§ What is expected
Beginning with the line containing "Lot de 16 housses pour tablettes" and going on through the line containing "Meet your Posher, Taini - Picture 1 of 1", the lines below are to be returned exactly, pictures excluded and nothing added.

§ Working data
+ + + + +
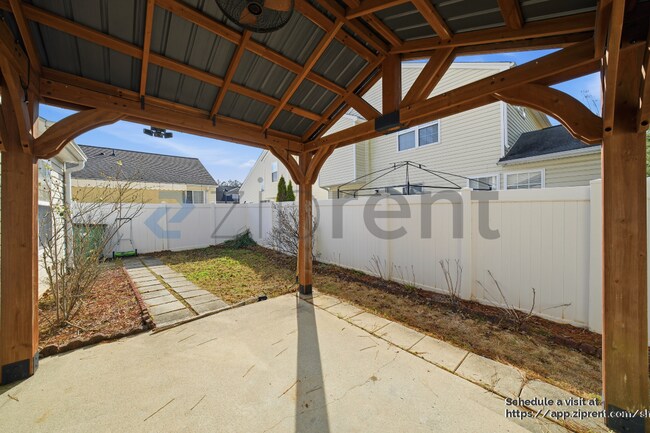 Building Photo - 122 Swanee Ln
+ + + + +
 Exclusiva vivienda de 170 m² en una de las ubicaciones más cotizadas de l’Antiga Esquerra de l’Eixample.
+ + + + +
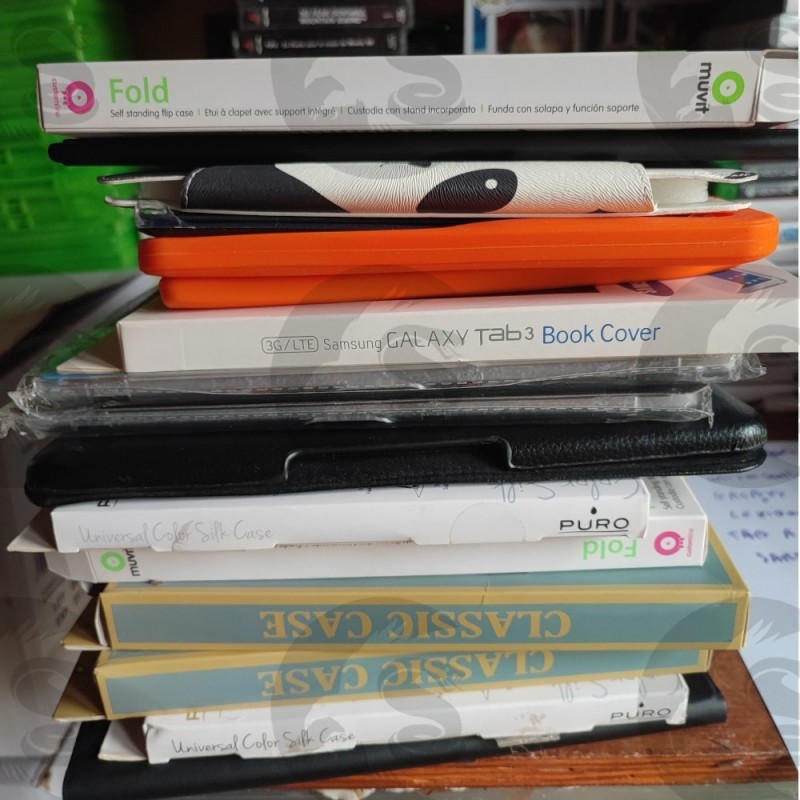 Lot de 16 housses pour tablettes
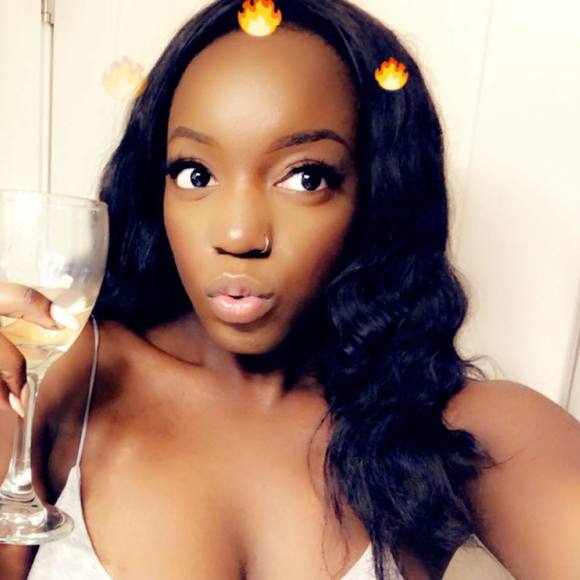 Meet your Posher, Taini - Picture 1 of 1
+ + + + +
§ Output for this exercise
 Lot de 16 housses pour tablettes
 Meet your Posher, Taini - Picture 1 of 1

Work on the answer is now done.